*DATA SHOWN*.
######

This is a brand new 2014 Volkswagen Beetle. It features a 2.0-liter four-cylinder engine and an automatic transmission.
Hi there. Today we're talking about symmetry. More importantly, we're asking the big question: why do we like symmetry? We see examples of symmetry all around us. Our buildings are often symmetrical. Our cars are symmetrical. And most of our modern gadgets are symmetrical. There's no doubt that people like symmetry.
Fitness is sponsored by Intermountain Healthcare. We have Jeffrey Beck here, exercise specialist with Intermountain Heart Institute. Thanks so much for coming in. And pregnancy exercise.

######

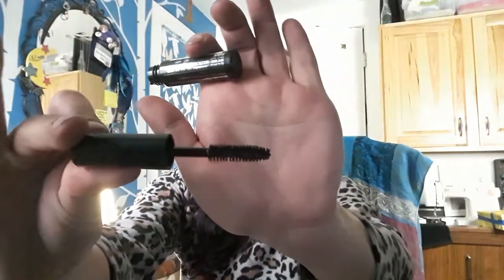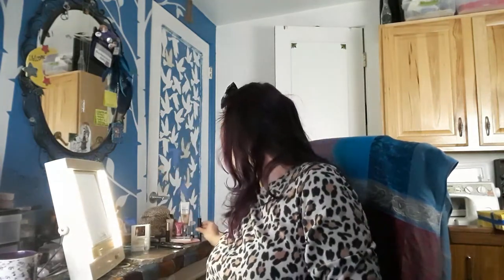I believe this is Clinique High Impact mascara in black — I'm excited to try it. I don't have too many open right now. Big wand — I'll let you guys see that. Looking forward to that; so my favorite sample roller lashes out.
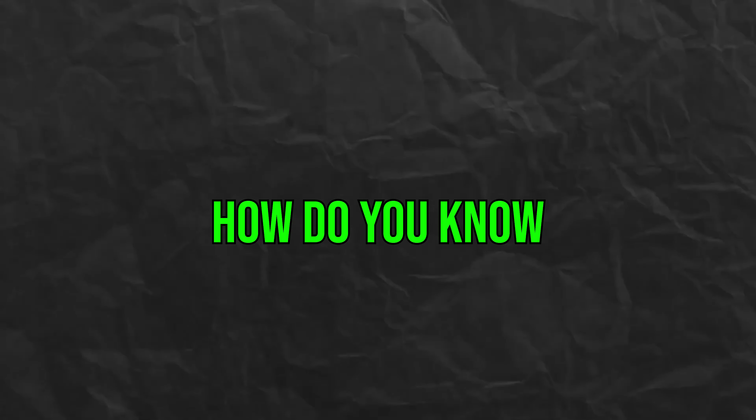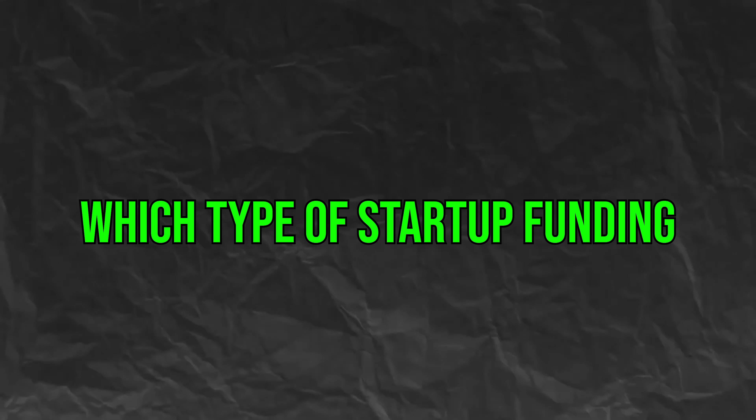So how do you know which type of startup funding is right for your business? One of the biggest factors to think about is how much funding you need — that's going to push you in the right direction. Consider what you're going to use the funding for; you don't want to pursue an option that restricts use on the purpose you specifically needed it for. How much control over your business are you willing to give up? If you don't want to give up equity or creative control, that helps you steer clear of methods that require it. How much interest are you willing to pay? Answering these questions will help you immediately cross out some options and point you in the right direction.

######

*EXERCISE REQUIREMENTS*. Every line above from the one with "I believe this" down to the one with "So how do you" must be written out exactly, and no picture may appear.

*RESULT OF THE TASK*.
I believe this is Clinique High Impact mascara in black — I'm excited to try it. I don't have too many open right now. Big wand — I'll let you guys see that. Looking forward to that; so my favorite sample roller lashes out.
So how do you know which type of startup funding is right for your business? One of the biggest factors to think about is how much funding you need — that's going to push you in the right direction. Consider what you're going to use the funding for; you don't want to pursue an option that restricts use on the purpose you specifically needed it for. How much control over your business are you willing to give up? If you don't want to give up equity or creative control, that helps you steer clear of methods that require it. How much interest are you willing to pay? Answering these questions will help you immediately cross out some options and point you in the right direction.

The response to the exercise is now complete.